An electricity company “operates as an economic unit, and there is no alternative to this”, he insisted. “To say otherwise would be pure demagogy, and the companies would be unsustainable”.
Opposition speakers the previous day had denied the government slogan that “Cahora Bassa is ours”, apparently because the largest slice of the power produced at the Cahora Bassa dam on the Zambezi is exported to South Africa. But Couto thought it absurd to argue that electricity companies “must not be involved in foreign trade”.
On the contrary, involvement in the southern African energy market was essential. Mozambique was a member of the Southern African Power Pool (SAPP) “and we’re not going to leave it”.
Couto pointed out that Mozambique could not build a new dam based solely on its own electricity needs. It would make sense to build a dam that could generate 1,500 megawatts, but there must be buyers for this power, and they could not be found in Mozambique alone.
He insisted that “Cahora Bassa is indeed ours”. The company operating the dam, HCB, “belongs to us, but it must be sustainable, and it must respect the contracts it has signed” (the largest of these contracts, and the one which guarantees HCB’s financial health, is with the South African power utility, Eskom).
Couto rejected the claim made by MDM deputy Venancio Mondlane that there has been no rural electrification, because the district capitals electrified over the past decade are all supposedly urban. Couto pointed out that, on the way to the district capitals, the power lines also supply smaller places, such as administrative post headquarters, localities and even villages.
So far the public electricity company, EDM, had electrified the capitals of 125 of the 128 districts that existed when the plans were drawn up (subsequently some districts have been split in two, so there are some new district capitals that need electrification).
Couto pointed out that during this work, 295 administrative posts, localities and villages had received electricity. This year the remaining three district capitals, seven other small towns and 20 administrative osts would be connected to the national grid.
But the power was not free of charge. “The consumers sign contracts as clients of EDM”, said Couto. “That’s how things work”.
Couto also told the Assembly that a wildcat strike against redundancies at the dredge mine in Moma, on the coast of the northern province of Nampula, operated by the Irish company Kenmare Resources, ended on Wednesday, and the strikers have returned to work.

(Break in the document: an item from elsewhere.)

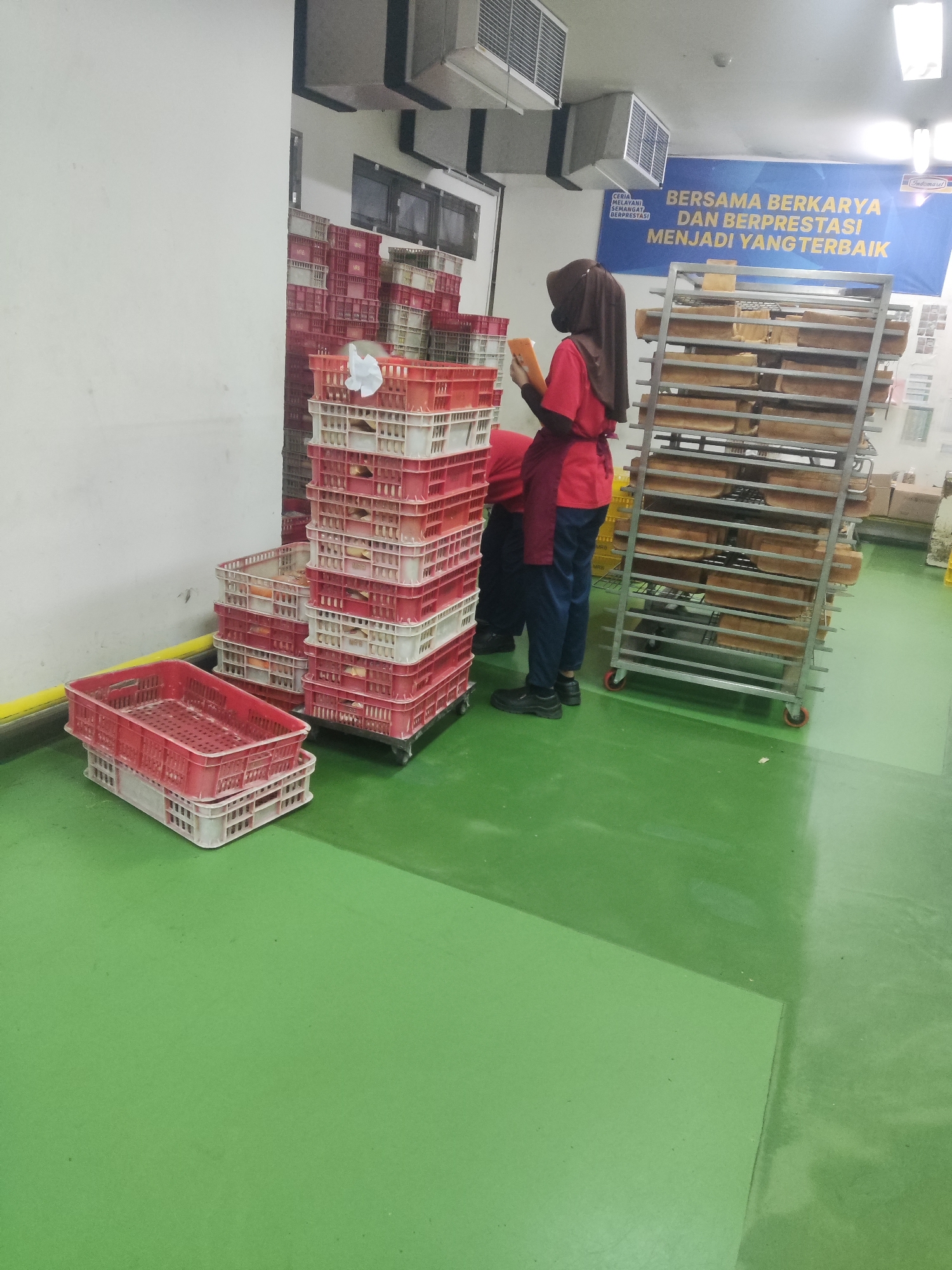 The image shows a food production or packaging facility. In the foreground, there are stacks of red and white plastic crates. Two individuals are visible; one, wearing a brown hijab and a red shirt, is holding an orange object. The second individual, wearing a red shirt and dark pants, is standing behind the first. In the background, there is a large metal rack filled with baked goods, likely bread. A blue banner with text is displayed on the wall. The floor is green. The scene appears to be in a commercial or industrial setting within Trihanggo, Indonesia.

Couto said the problem for Kenmare was that the prices for the minerals it mines at Moma (ilmenite, rutile and zircon) have fallen sharply, and the Chinese market for these minerals has shrunk by 12.5 per cent.
Cost cutting measures, such as redundancies, were thus inevitable. At first Kenmare wanted to sack 375 of its workforces, but after tripartite discussions between the company, the workers’ trade union and the Labour Ministry, the number of redundancies was scaled back to 160.
“The workers received their redundancy pay and an extra bonus of between 15 and 60 per cent”, said Couto.
This was not enough to avoid the unofficial strike which broke out on 24 June. Couto said the police only intervened to clear the entrance to the mine and none of the strikers were injured or killed.
“Companies working in mining and energy must be sustainable”, said the Minister. “When they run into labour problems, these are solved in tripartite negotiations”.